All the substitutes for wheat are benefited from the point of view of palatability by mixing in a certain amount of wheat flour. It is probable that more yeast is required with wheat substitutes than with wheat alone. Bread is not necessarily more wholesome when leavened but usually it is more palatable.

Biscuits (crackers) and unleavened breads are perfectly wholesome when well masticated, and are just as digestible as the more porous breads. The breads made from other cereals than wheat are not necessarily less digestible than wheat bread. The chief difficulty is that the art of making other breads has not been fully developed.

Good Housekeeping (September, 1918)

Role of Potatoes in Diets a Hundred Years Ago

Potatoes were an important part of the diet a hundred years ago. Here’s what a cookbook said:

Housewives are always interested in new ways of preparing the potato as it appears on the average menu 365 times in the year. There are innumerable ways of preparing potatoes for the table.

When potatoes are practically the only vegetable used in the household, they should always be cooked in their skins, so that all the mineral salts may be retained. When salad plants and other vegetables are used freely, the skins may be removed before cooking, although it is not economy to do so. Sometimes convenience and palatability decide in favor of the latter.

Potatoes, combined with milk and cheese, provide a dish fully as nourishing as when combined with meat. This is interesting to know when meat prices are high.

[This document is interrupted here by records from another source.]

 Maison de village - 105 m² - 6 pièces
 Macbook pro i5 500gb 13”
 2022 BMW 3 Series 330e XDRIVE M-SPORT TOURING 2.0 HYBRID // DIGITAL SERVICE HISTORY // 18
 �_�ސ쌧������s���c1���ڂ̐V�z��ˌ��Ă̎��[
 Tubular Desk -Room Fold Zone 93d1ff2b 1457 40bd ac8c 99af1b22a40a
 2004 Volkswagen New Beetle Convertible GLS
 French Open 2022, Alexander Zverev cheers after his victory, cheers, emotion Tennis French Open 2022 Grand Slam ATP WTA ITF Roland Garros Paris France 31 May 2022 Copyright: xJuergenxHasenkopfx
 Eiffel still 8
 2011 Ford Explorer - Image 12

The Housewife’s Cook Book by Lilla Frich (1917)

Hundred-year-old Directions for Cooking Macaroni

Source: Wikipedia

What did macaroni look like in 1918? I’m a bit foggy about what macaroni looked like a hundred years ago, but I found directions for preparing it in a century-old magazine that provides a few clues.

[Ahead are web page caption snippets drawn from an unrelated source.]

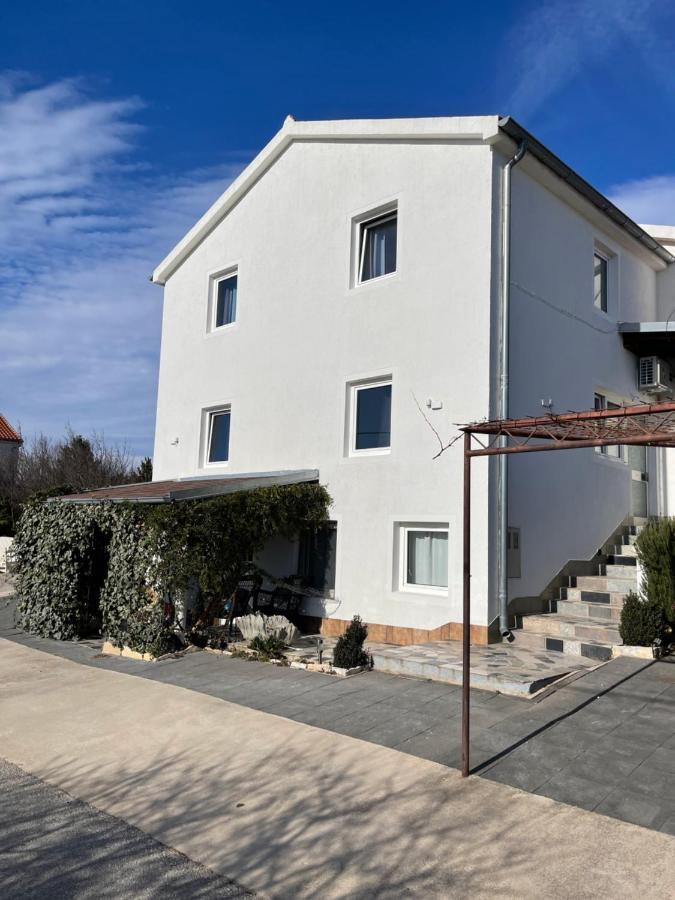 Apartments Frigan Maslenica Luaran gambar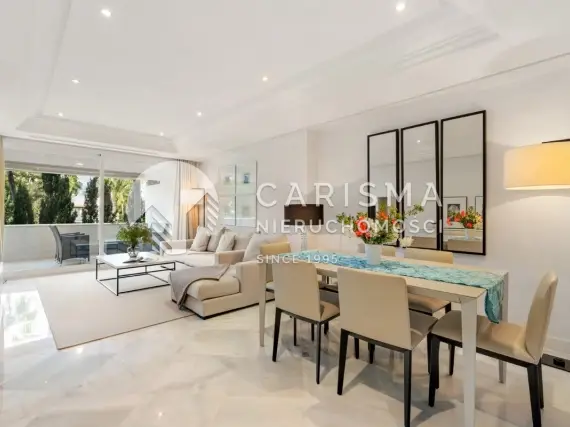 (4) Apartament w pierwszej linii brzegowej z widokiem na morze, Marbella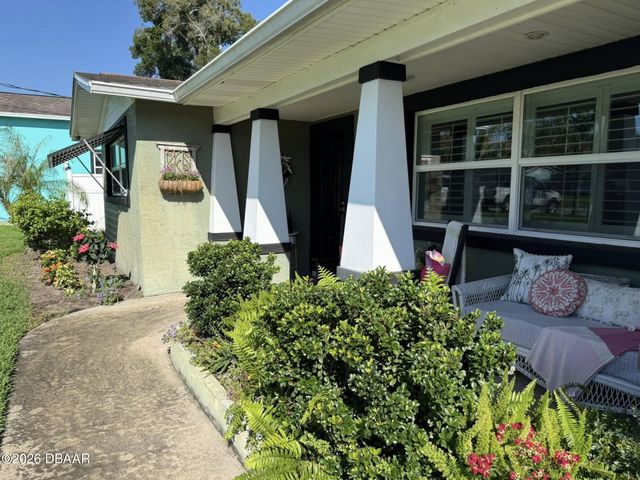 85 Warwick Avenue, Ormond Beach, FL 32174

To cook macaroni successfully is not difficult. Break into short lengths. If it comes from a sealed package, it does not need washing; if it is “loose,” it should be rinsed in cold water. Drop into boiling salted water, adding a level tablespoonful of salt to a quart. Stir to prevent sticking, but be careful not to break the pieces. If the dish is greased before the hot water and macaroni are put in, it will not stick so readily. Cook until tender, then toss the macaroni into a colander and let cold water run through it. This process is called blanching, and is to prevent it from sticking together.

American Cookery (August – September, 1918)

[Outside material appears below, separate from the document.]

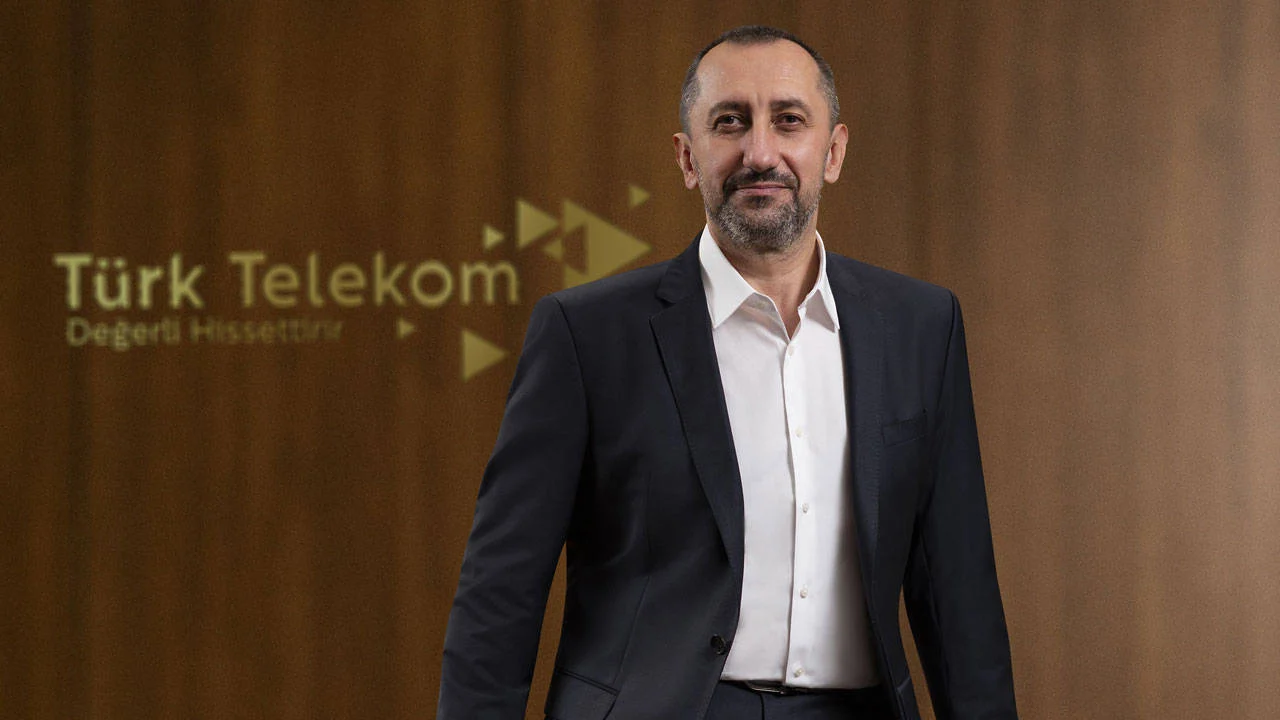 Türk Telekom CEO’sundan zam eleştirilerine ‘damacanalı’ savunma: ‘Tarifelerimiz sudan ucuz’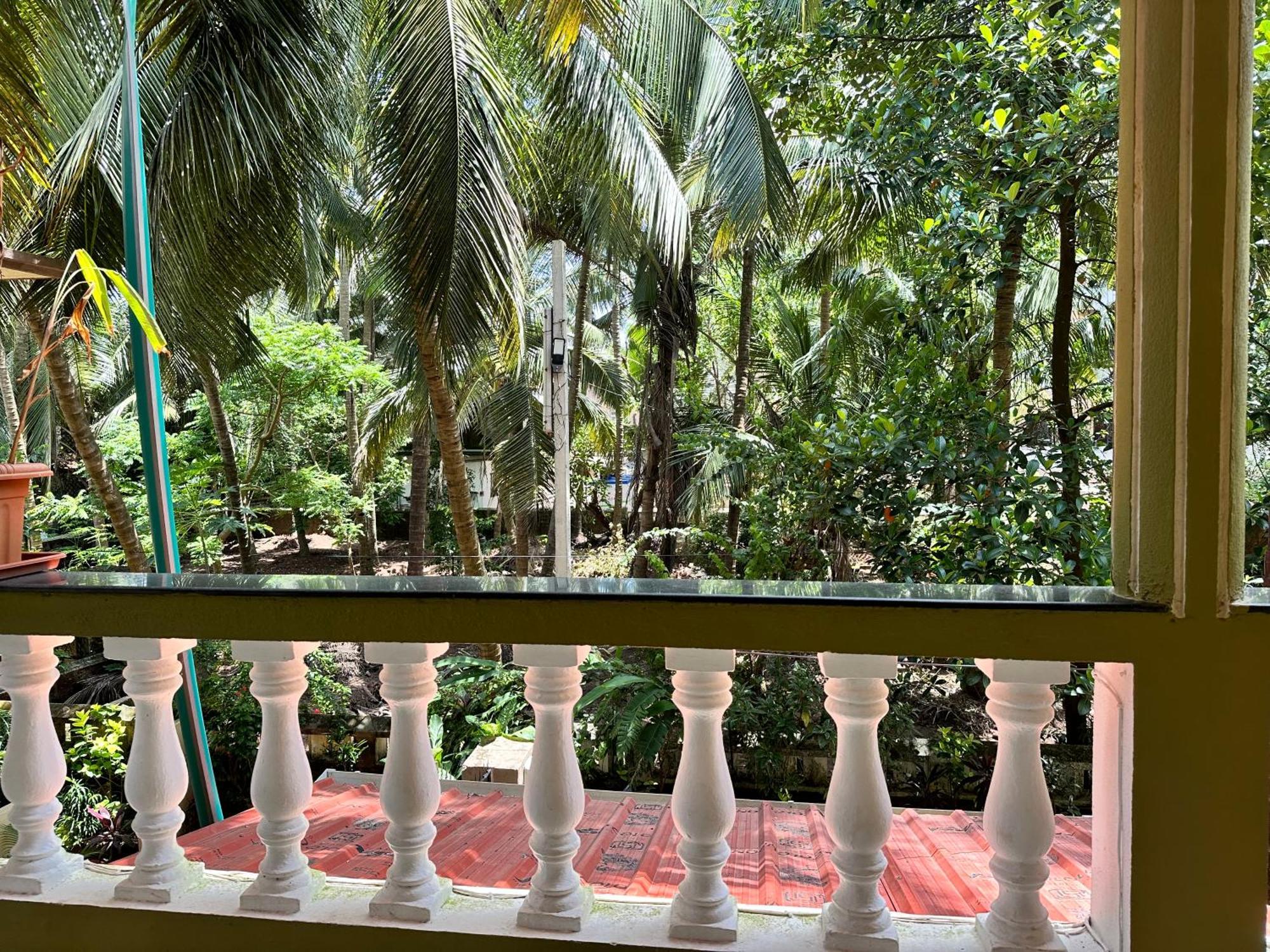 Hotel Leela Inn Candolim Marmagao Exteriör bild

Food-Related Humor a Hundred Years Ago

Image Source: Larkin Housewives’ Cook Book (1915)

In the early 1900’s magazines often had humor pages. What is considered funny has really changed over the past hundred years, and often the humor in those magazines falls flat (or is even offensive) by modern standards. But, some hundred-year-old humorous stories still make me smile. Here are a few food-related humor items:

Little Elizabeth and her mother were having luncheon together, and the mother, who always tried to impress facts upon her young daughter, said, “These little sardines, Elizabeth, are sometimes eaten by the larger fish.”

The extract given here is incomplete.